Background: Over 200 genes have been associated with health-related fitness phenotypes, including markers in genes related to energy metabolism, hypoxia, and cardiac, endothelial, skeletal, sympathetic, and vascular function.
PURPOSE: To examine the associations of gene variants with exercise duration during a symptom-limited treadmill test at baseline (B_duration) and with changes in exercise duration over 20 years (Δ20_duration).
METHODS: We examined 3779 and 2337 participants with data for B_duration and Δ20_duration, respectively, from the CARDIA study. Treadmill time was determined based on the duration of a symptom-limited graded exercise test (modified Balke protocol). Mean B_duration was 8.9±2.8 and 10.7±2.6 min and mean Δ20_duration was -3.0±2.1 and -2.8±2.0 min in blacks and whites, respectively. 217 SNPs in blacks and 171 SNPs in whites from 17 genes were examined.

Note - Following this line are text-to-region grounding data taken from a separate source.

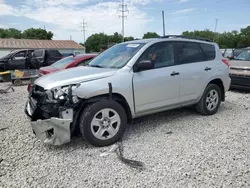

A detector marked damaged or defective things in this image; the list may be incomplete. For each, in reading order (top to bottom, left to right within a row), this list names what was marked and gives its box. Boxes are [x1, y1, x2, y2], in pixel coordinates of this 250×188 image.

damaged bumper [25, 95, 74, 145]
damaged front end [25, 85, 80, 145] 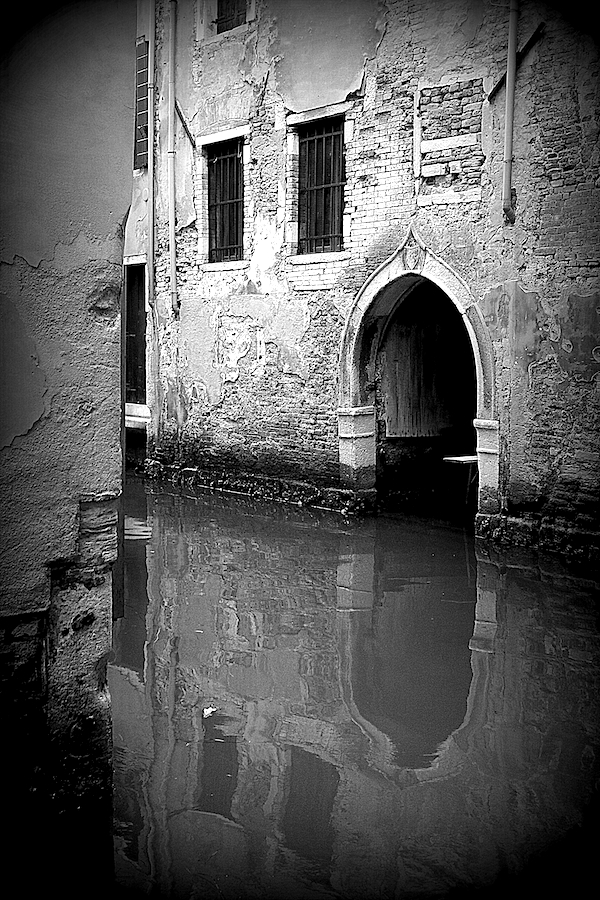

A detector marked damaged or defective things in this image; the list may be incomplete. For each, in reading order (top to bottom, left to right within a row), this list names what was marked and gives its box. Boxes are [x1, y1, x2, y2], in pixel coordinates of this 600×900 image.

peeling plaster wall [0, 0, 135, 884]
peeling plaster wall [151, 0, 600, 552] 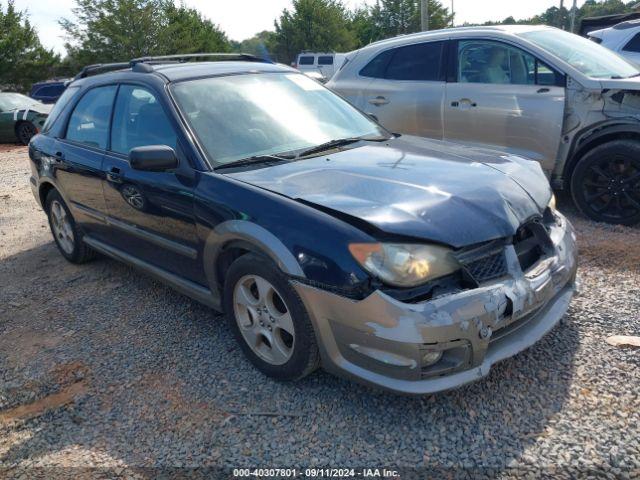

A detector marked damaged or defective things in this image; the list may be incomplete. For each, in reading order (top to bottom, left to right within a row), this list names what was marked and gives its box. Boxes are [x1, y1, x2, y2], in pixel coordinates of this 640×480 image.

cracked headlight [348, 242, 458, 286]
exposed bumper damage [292, 211, 576, 394]
broken bumper cover [292, 213, 576, 394]
damaged front bumper [292, 213, 576, 394] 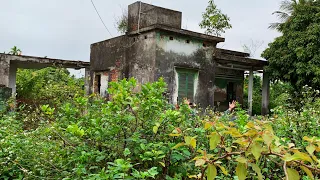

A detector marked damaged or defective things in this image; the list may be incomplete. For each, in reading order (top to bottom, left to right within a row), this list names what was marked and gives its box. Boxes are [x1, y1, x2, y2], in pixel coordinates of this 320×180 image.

peeling plaster wall [154, 31, 215, 107] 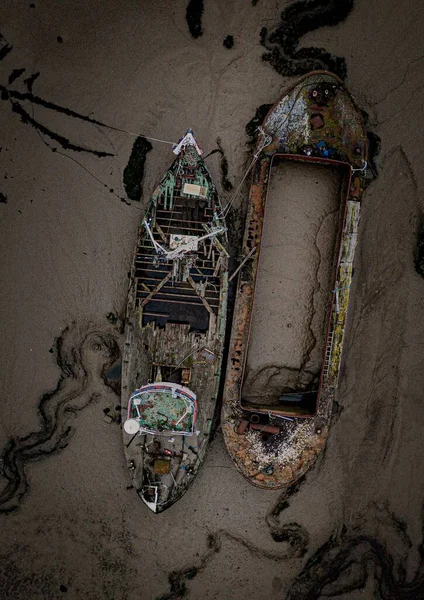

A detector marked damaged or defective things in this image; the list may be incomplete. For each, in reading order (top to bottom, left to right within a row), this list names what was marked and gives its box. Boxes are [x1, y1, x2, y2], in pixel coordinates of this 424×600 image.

rusted metal hull [121, 135, 229, 510]
rusty ship hull [121, 134, 229, 512]
rusted metal hull [222, 72, 368, 490]
rusty ship hull [222, 72, 368, 490] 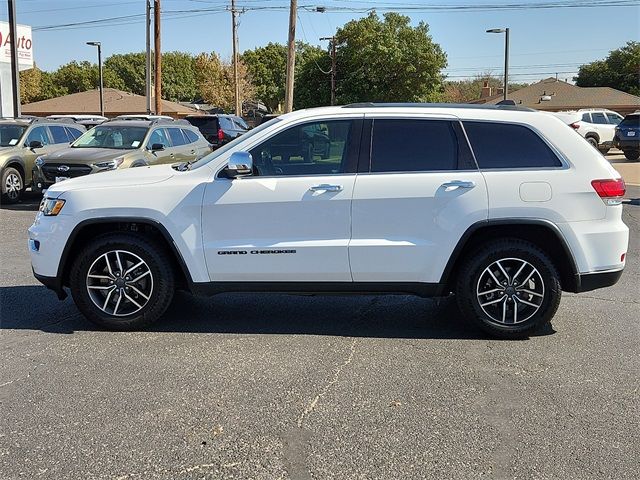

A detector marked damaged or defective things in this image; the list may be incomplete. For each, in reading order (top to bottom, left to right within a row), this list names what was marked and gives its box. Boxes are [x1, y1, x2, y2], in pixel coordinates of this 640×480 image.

pavement crack [298, 336, 358, 430] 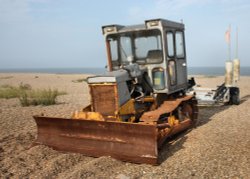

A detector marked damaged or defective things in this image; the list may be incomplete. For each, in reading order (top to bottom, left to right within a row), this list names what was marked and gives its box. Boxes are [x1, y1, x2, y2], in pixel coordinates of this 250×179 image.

rusted metal panel [33, 116, 158, 165]
rusty bulldozer blade [33, 116, 158, 165] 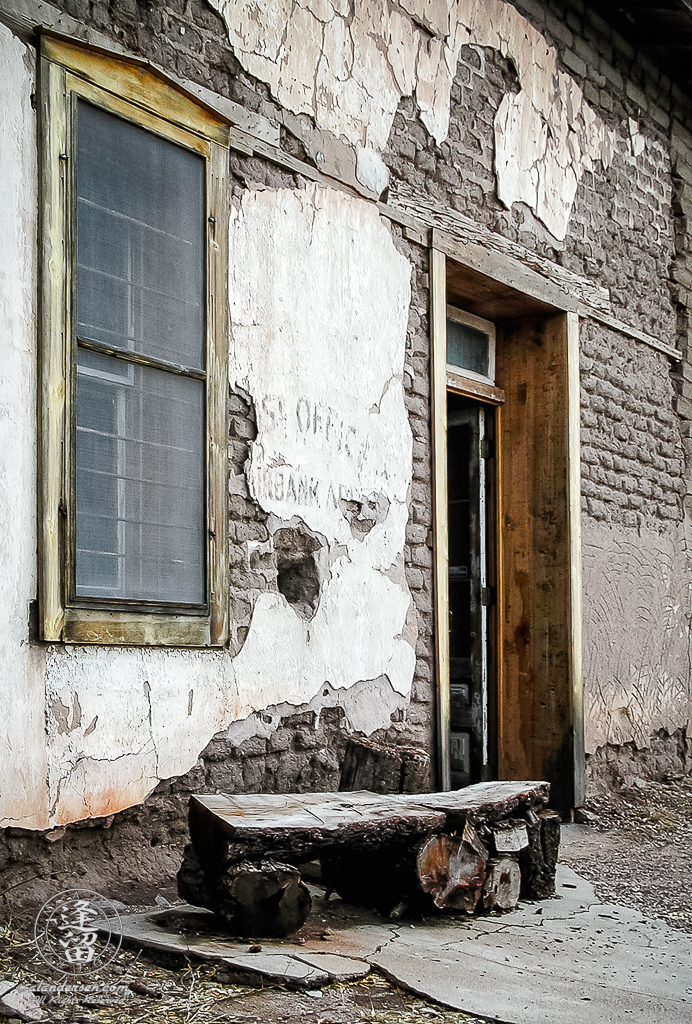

RESULTS: In blacks, 5 SNPs in the ATP1A2, HIF1A, NOS3, and PPARGC1A loci were associated with B_duration in a multivariate regression model (p-value range 0.0036-0.0374). Analyses involving a multimarker construct found that blacks (n=99) with the most favorable genotypes at these 5 SNPs had the longest B_duration (P<0.0001). Similar analyses in whites found that the HIF1A rs1957757 and PPARGC1A rs3774909 markers were associated with B_duration (P=0.0065 and 0.0244, respectively), and a multimarker construct found that whites (n=17) with the most favorable genotypes at both SNPs had a 3 min longer B_duration compared to those with none of the favorable genotypes (P=0.0041). No SNPs were significantly associated with Δ20_duration in the multivariate regression analyses in blacks. Conversely, in whites, 4 SNPs in the AGT, AMPD1, ANG, and PPARGC1A loci were associated with Δ20_duration in a multivariate regression model (p-value range 0.0018-0.0183). Analyses involving a multimarker construct found that whites (n=48) with the most favorable genotypes at these 4 SNPs had less decline in treadmill duration over 20 years (P<0.0001).
CONCLUSION: We conclude that alleles at genes related to skeletal muscle Na+/K+ transport, hypoxia, and mitochondrial metabolism are weakly associated with symptom-limited exercise test duration and change in duration over time in adults.